Smaller spoons with a deep cup, such as Acme’s Little Cleo, are best for swimming. Spoons with metallic finishes put off the most flash. Make sure the underside is raw metal if you choose a painted one. Sometimes the combination of flash and color can be the ticket. Use a small ball-bearing swivel or a split ring between your line and the spoon. It will twist your line otherwise.

A perfect situation for swimming a spoon is when bass school in the back of pockets and creeks in the fall. Like Thrift does with the Backdrop spoon, cast it toward the breaking bass and slow roll it through them. It’s easy to cast a spoon far, so stay back to avoid spooking the school.
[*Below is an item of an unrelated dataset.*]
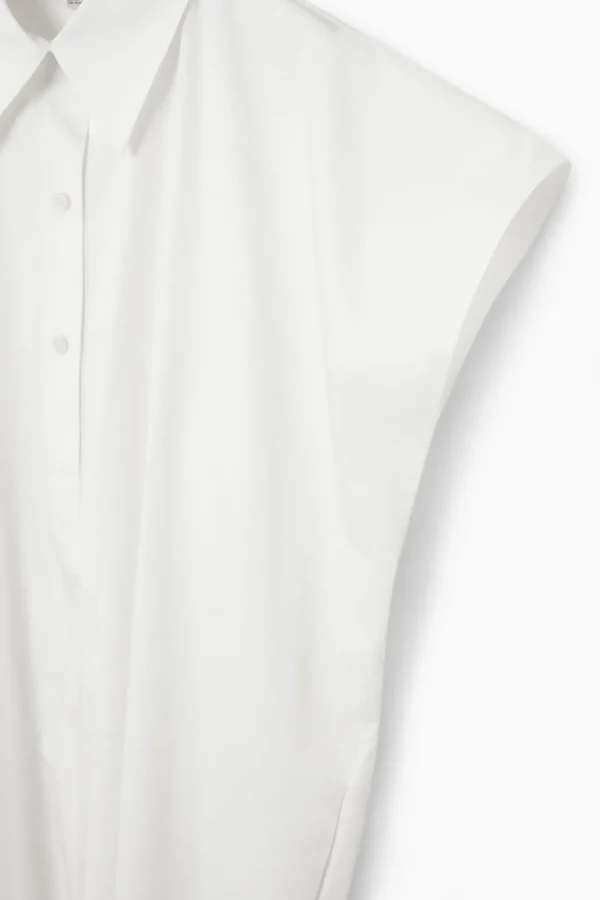 COS OVERSIZED MIDI SHIRT DRESS WHITE Store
Spoons give bass bombarded by spinnerbaits, jerkbaits, or square-bill crankbaits a different look. Their compact size, flash, and vibration will draw bass from submerged aquatic grass, laydowns, and even docks, but you will have to be more particular about your casting angles; its dangling rear treble hook snags easily. If you think that action is what the bass want but aren’t convinced a spoon will make it through the cover, try a weedless spoon such as a Johnson Silver Minnow. A weed guard protects its single hook.

Surface

Besides the Hopkins style of jigging spoon, the Johnson Silver Minnow is probably the best-known bass spoon. Its design has spawned similar weedless spoons, including Strike King’s Timber King, Northland’s Jaw-Breaker, and Heddon’s Moss Boss, that draw ferocious topwater strikes.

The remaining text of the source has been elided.